§ WHAT TO PRODUCE:
Your answer must be an exact copy of the lines below, from the first through the one with "Paco Melero con", with no pictures.

[RECORD EXTRACTS]

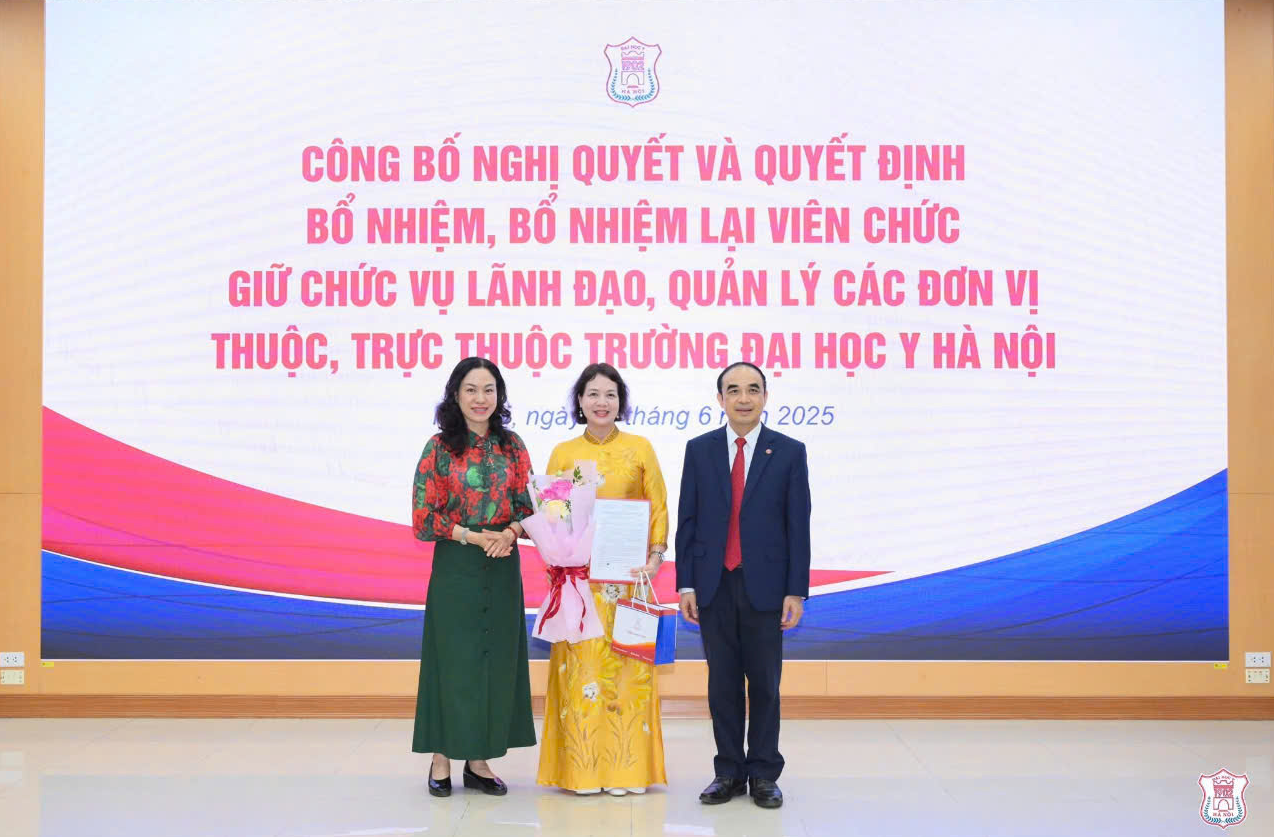 Trường Đại học Y Hà Nội tổ chức Lễ công bố Nghị quyết và Quyết định bổ nhiệm, bổ nhiệm lại viên chức giữ chức vụ lãnh đạo, quản lý các đơn vị thuộc, trực thuộc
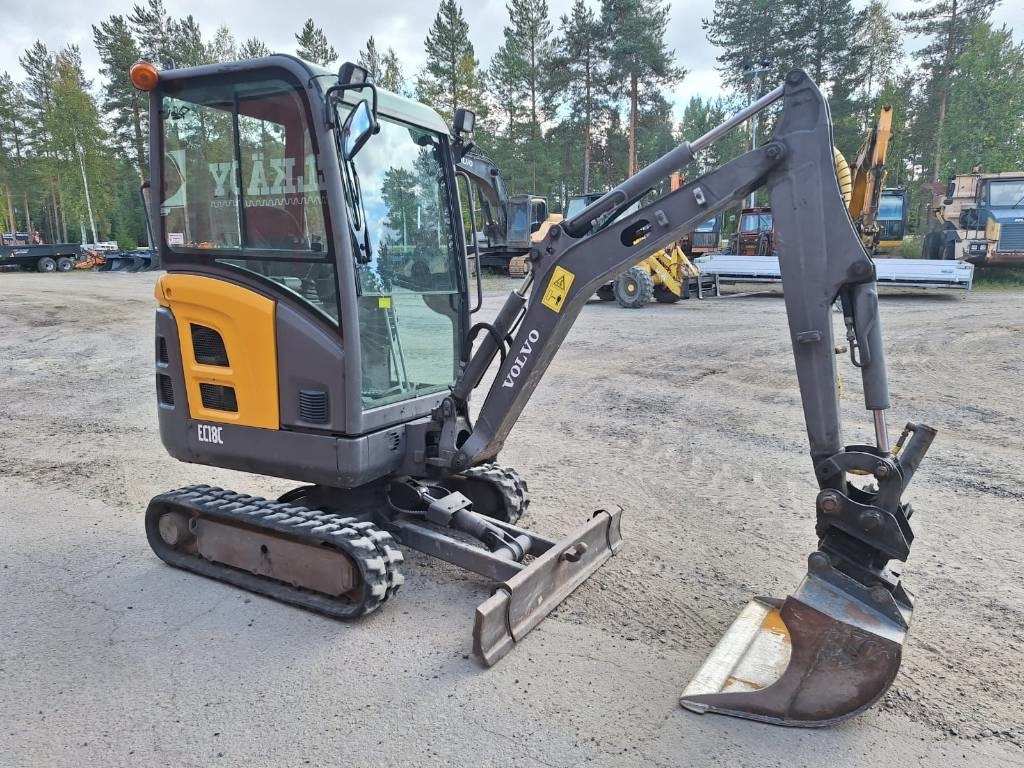 Volvo MYYTY! SOLD! EC18C KALLISTAJALLA - Miniexcavadora: foto 5 Volvo MYYTY! SOLD! EC18C KALLISTAJALLA - Miniexcavadora: foto 5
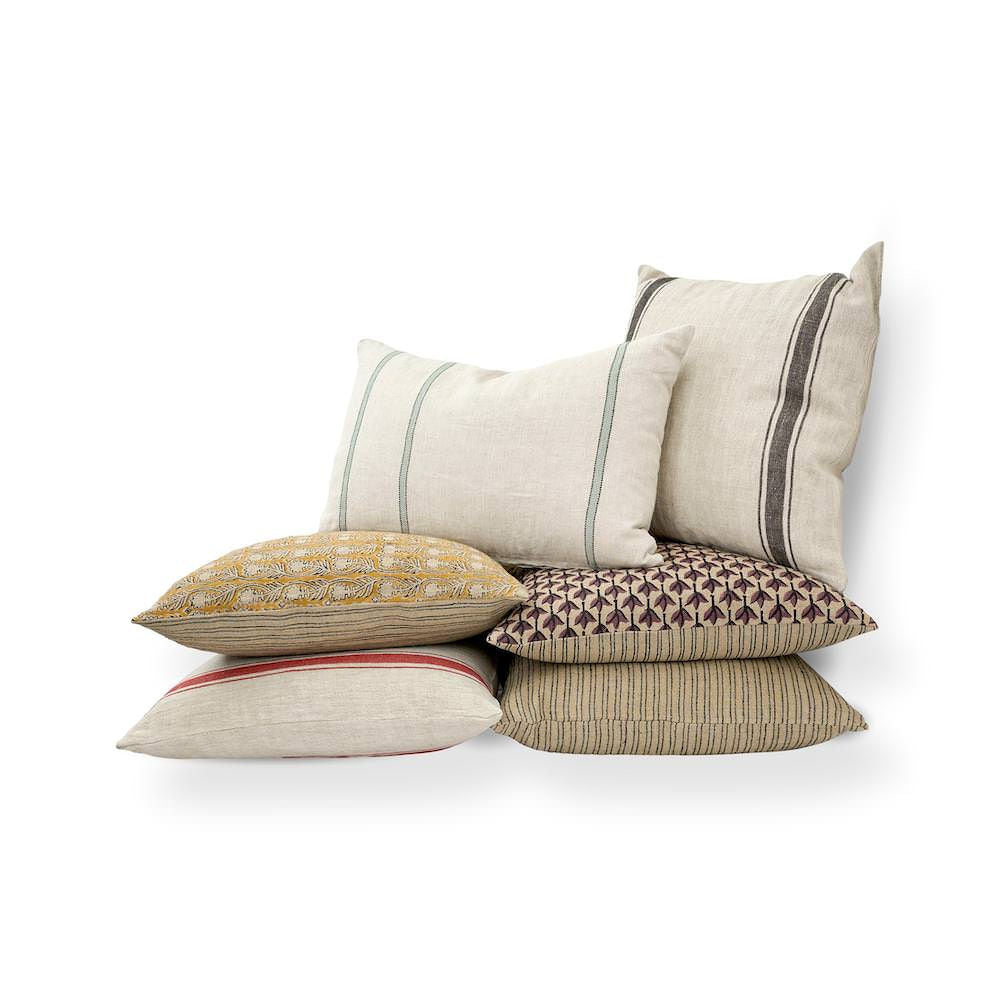 Throws & Pillows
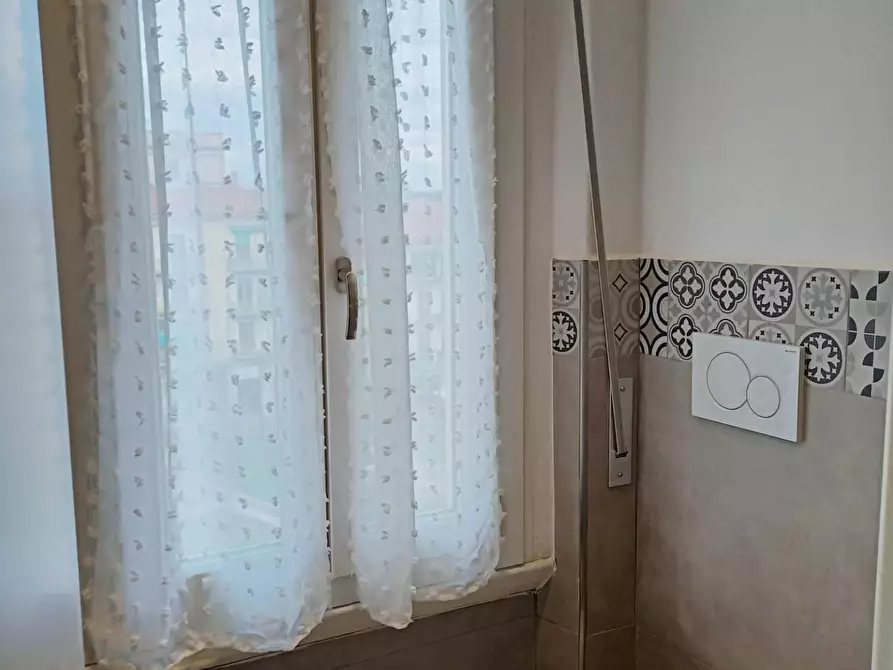 Immagine 11 di Appartamento in vendita  a Poggibonsi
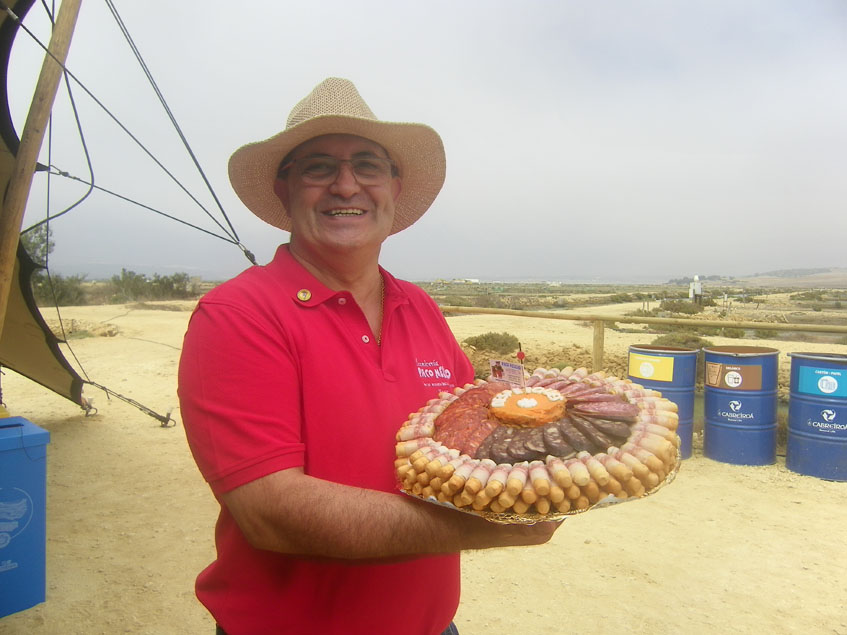 Paco Melero con una de sus populares tartas cochinas que fueron llevadas al encuentro. Foto: Cosasdecome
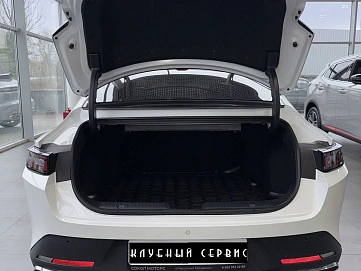 Changan Lamore, 2023г, передний привод, робот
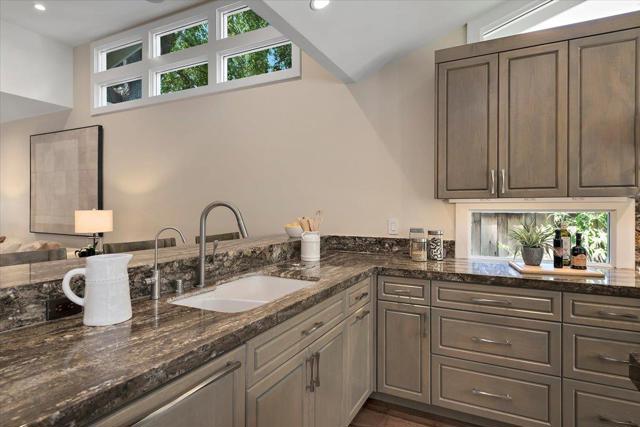 427 Paco Drive, Los Altos CA: https://media.crmls.org/mediaz/b849e74c-a3d1-444b-a06f-4087c4d91ede.jpg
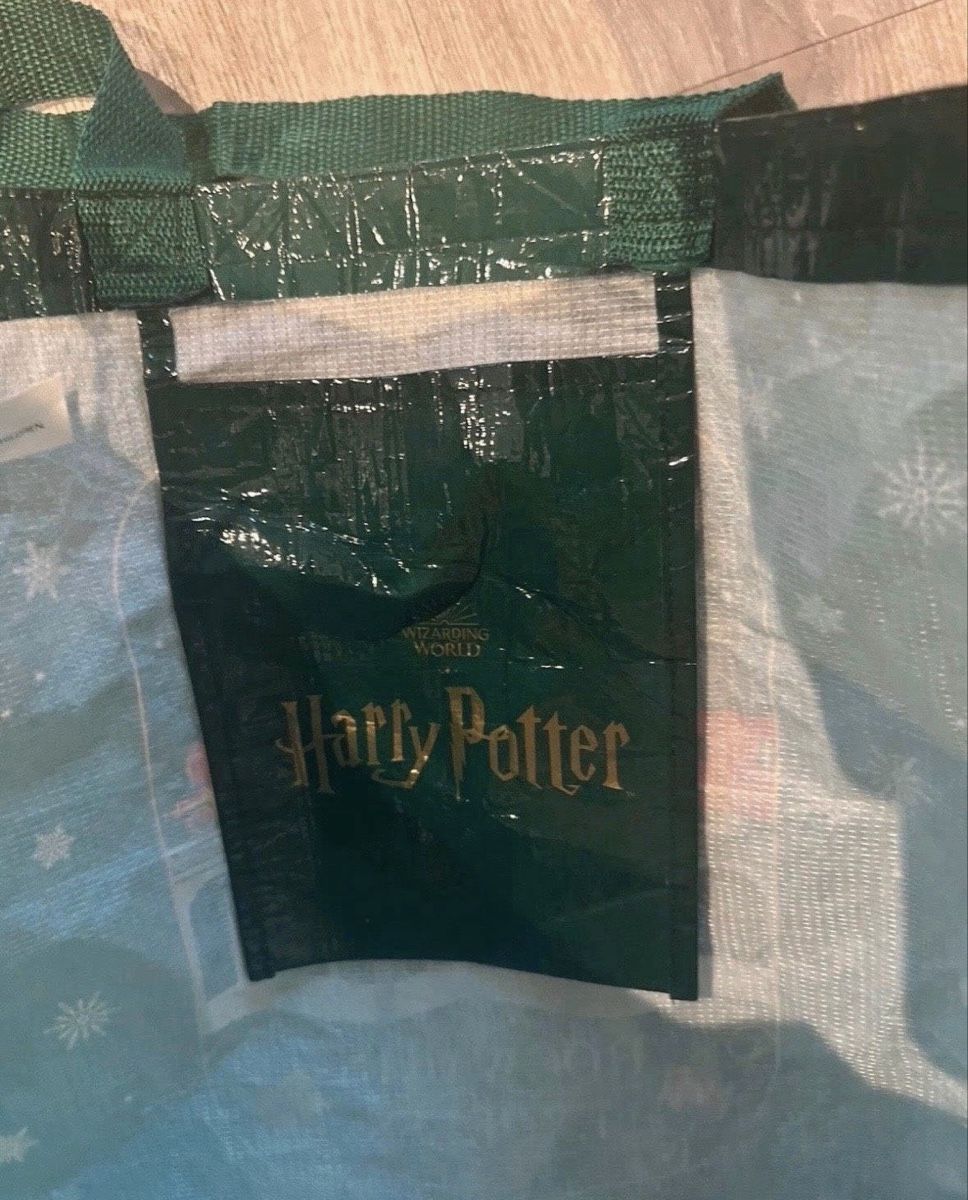 Borse: Harry Potter Warner Bros Studios Tour Hogwarts Tüte – Usato da Balgach venduto da ren_xy57 3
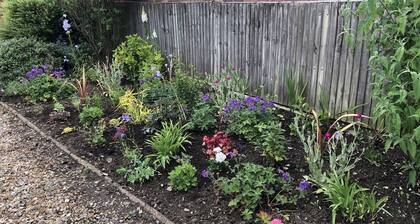 Casa de vacaciones recientemente renovada con un gran jardín seguro, una joya escondida.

[/RECORD EXTRACTS]

§ ANSWER FOR THIS EXERCISE:
 Trường Đại học Y Hà Nội tổ chức Lễ công bố Nghị quyết và Quyết định bổ nhiệm, bổ nhiệm lại viên chức giữ chức vụ lãnh đạo, quản lý các đơn vị thuộc, trực thuộc
 Volvo MYYTY! SOLD! EC18C KALLISTAJALLA - Miniexcavadora: foto 5 Volvo MYYTY! SOLD! EC18C KALLISTAJALLA - Miniexcavadora: foto 5
 Throws & Pillows
 Immagine 11 di Appartamento in vendita  a Poggibonsi
 Paco Melero con una de sus populares tartas cochinas que fueron llevadas al encuentro. Foto: Cosasdecome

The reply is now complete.